Saved data entries:
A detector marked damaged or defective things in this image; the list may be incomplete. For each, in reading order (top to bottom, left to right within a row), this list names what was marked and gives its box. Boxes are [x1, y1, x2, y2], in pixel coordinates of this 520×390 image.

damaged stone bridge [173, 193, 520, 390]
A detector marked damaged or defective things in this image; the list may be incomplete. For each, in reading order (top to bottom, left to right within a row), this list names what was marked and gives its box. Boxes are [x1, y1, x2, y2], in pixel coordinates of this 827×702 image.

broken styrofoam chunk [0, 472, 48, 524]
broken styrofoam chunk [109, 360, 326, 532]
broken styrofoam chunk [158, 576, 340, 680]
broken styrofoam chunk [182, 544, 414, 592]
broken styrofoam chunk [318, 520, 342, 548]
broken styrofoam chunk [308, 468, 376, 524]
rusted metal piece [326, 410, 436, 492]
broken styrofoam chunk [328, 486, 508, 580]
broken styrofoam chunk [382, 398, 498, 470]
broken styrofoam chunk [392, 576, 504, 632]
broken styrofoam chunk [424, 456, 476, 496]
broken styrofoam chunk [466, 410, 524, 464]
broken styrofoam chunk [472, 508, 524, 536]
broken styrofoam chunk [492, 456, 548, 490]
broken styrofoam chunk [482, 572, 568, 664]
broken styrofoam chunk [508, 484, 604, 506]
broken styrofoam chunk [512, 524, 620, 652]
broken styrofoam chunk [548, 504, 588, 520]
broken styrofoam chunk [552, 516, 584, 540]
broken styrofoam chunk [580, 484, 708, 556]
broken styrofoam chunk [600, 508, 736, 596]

EXERCISE DETAILS:
Reproduce every line above, keeping each word exactly as it appears.

SOLUTION TO THE PROBLEM:
A detector marked damaged or defective things in this image; the list may be incomplete. For each, in reading order (top to bottom, left to right within a row), this list names what was marked and gives its box. Boxes are [x1, y1, x2, y2], in pixel coordinates of this 520×390 image.

damaged stone bridge [173, 193, 520, 390]
A detector marked damaged or defective things in this image; the list may be incomplete. For each, in reading order (top to bottom, left to right within a row), this list names what was marked and gives its box. Boxes are [x1, y1, x2, y2], in pixel coordinates of this 827×702 image.

broken styrofoam chunk [0, 472, 48, 524]
broken styrofoam chunk [109, 360, 326, 532]
broken styrofoam chunk [158, 576, 340, 680]
broken styrofoam chunk [182, 544, 414, 592]
broken styrofoam chunk [318, 520, 342, 548]
broken styrofoam chunk [308, 468, 376, 524]
rusted metal piece [326, 410, 436, 492]
broken styrofoam chunk [328, 486, 508, 580]
broken styrofoam chunk [382, 398, 498, 470]
broken styrofoam chunk [392, 576, 504, 632]
broken styrofoam chunk [424, 456, 476, 496]
broken styrofoam chunk [466, 410, 524, 464]
broken styrofoam chunk [472, 508, 524, 536]
broken styrofoam chunk [492, 456, 548, 490]
broken styrofoam chunk [482, 572, 568, 664]
broken styrofoam chunk [508, 484, 604, 506]
broken styrofoam chunk [512, 524, 620, 652]
broken styrofoam chunk [548, 504, 588, 520]
broken styrofoam chunk [552, 516, 584, 540]
broken styrofoam chunk [580, 484, 708, 556]
broken styrofoam chunk [600, 508, 736, 596]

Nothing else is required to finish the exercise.